Il n’est guère étonnant que le démagogue capitaliste Chávez idolâtre, à sa manière, Simón Bolívar, un homme que Karl Marx décrivait dans une lettre de février 1858 à Friedrich Engels comme « le coquin le plus lâche, le plus infâme, le plus misérable [...] ». Dans la contribution qu’il a écrite pour la Nouvelle encyclopédie américaine de 1858, Marx montre clairement comment le père fondateur du nationalisme latino-américain incarnait beaucoup des caractéristiques des bourgeoisies semi-coloniales d’Amérique du Sud ayant émergé tardivement. Il était vénal, corrompu, lâche et autoritaire. Il abandonna à plusieurs reprises ses troupes en plein combat, poignarda ses camarades dans le dos et il s’appuya sur l’impérialisme britannique pour ses victoires. Lors de son premier triomphe en 1813, il s’est fait rendre un hommage public, transporté dans un carrosse tiré par douze jeunes femmes des meilleures familles de Caracas, et s’est autoproclamé « dictateur et libérateur des provinces occidentales du Venezuela ».

Les « marxistes » bolivariens de la TMI font marcher la révolution permanente sur la tête en argumentant que si une formation bourgeoise s’engage réellement à lutter pour la démocratie, elle peut d’une manière ou d’une autre surmonter ses limitations historiques pour réaliser non seulement la démocratie, mais même le socialisme. Ainsi le porte-parole de la TMI Jorge Martín écrit que « L’idée centrale de la révolution permanente est que dans les pays coloniaux ou anciennement coloniaux, la lutte pour les tâches démocratiques-bourgeoises, si elle est menée à bien, doit conduire (d’une manière ininterrompue ou permanente) à la révolution socialiste. » L’essence programmatique de la révolution permanente est la lutte pour l’indépendance de classe du prolétariat vis-à-vis de toutes les ailes de la bourgeoisie semi-coloniale, quelles que soient leurs prétentions « progressistes » ou « anti-impérialistes ». Cette lutte ne peut être réalisée qu’à travers la construction d’un parti ouvrier internationaliste et révolutionnaire en opposition à toutes les variantes de nationalisme bourgeois.

Réforme contre révolution

La tâche des marxistes est d’arracher au régime de Chávez son masque « socialiste », de mettre en garde les travailleurs contre le fait qu’il représente l’ennemi de classe. Si les concurrents opportunistes de la TMI ne se contentent pas de lui lécher les bottes et de baver devant sa « révolution bolivarienne », ils ne rejoignent pas moins la TMI en dépeignant le caudillo au verbiage gauche comme un allié potentiel de la classe ouvrière, quoique partial et peu fiable. Par exemple, le Comité pour une internationale ouvrière (CIO) de Peter Taaffe, basé au Royaume-Uni [la Gauche révolutionnaire en France], chante les louanges de Chávez car il a lancé un « débat sur le développement du socialisme » qui est « crucial pour l’approfondissement de la révolution vénézuélienne », mais il se plaint que « malheureusement » Chávez « n’a pas la perspective d’étendre une révolution socialiste à d’autres [!] pays d’Amérique latine » (dans « Venezuela : le socialisme de nouveau à l’ordre du jour », 6 octobre 2005).

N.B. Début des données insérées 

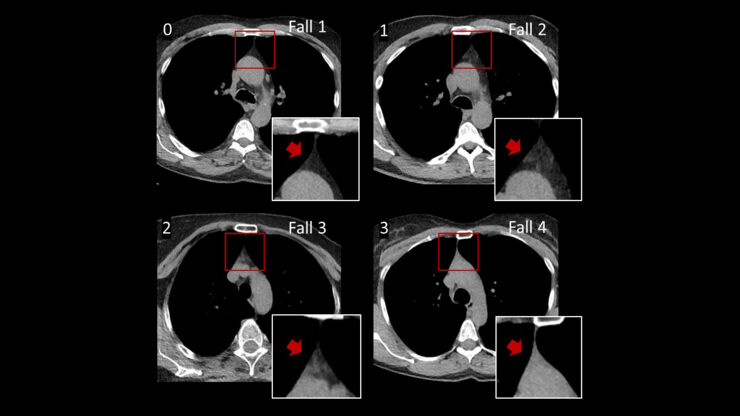 datortomografibilder som visar olika grader av fett i thymus.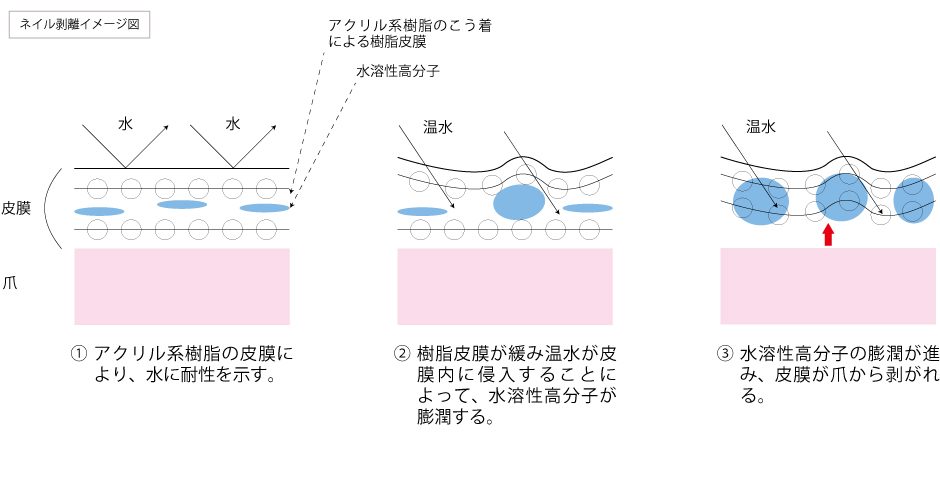 ネイル剥離イメージ図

Jetons maintenant un coup d’oeil sur la Ligue pour la cinquième internationale (L5I), rassemblée autour du groupe britannique Workers Power [Pouvoir ouvrier, disparu en France], qui intitule un chapitre de son livre Anticapitalisme : un guide rudimentaire du mouvement anticapitaliste (2005) : « Hugo Chávez : un nouveau dirigeant pour le mouvement anticapitaliste ? » En polémiquant contre les admirateurs des zapatistes mexicains, qui croient qu’il est possible de réaliser des changements sociaux sans prendre le pouvoir, la L5I écrit :

« Au moins Chávez montre qu’on ne peut pas obtenir de véritables réformes en suppliant, ce qui n’a guère apporté de résultats aux paysans mexicains, mais qu’on les obtient plutôt en prenant le pouvoir dans ses propres mains. La faute de Chávez tient à ce qu’il refuse de détruire tous les éléments de l’Etat vénézuélien qui entravent et font échouer le progrès, en premier lieu la justice et la police. »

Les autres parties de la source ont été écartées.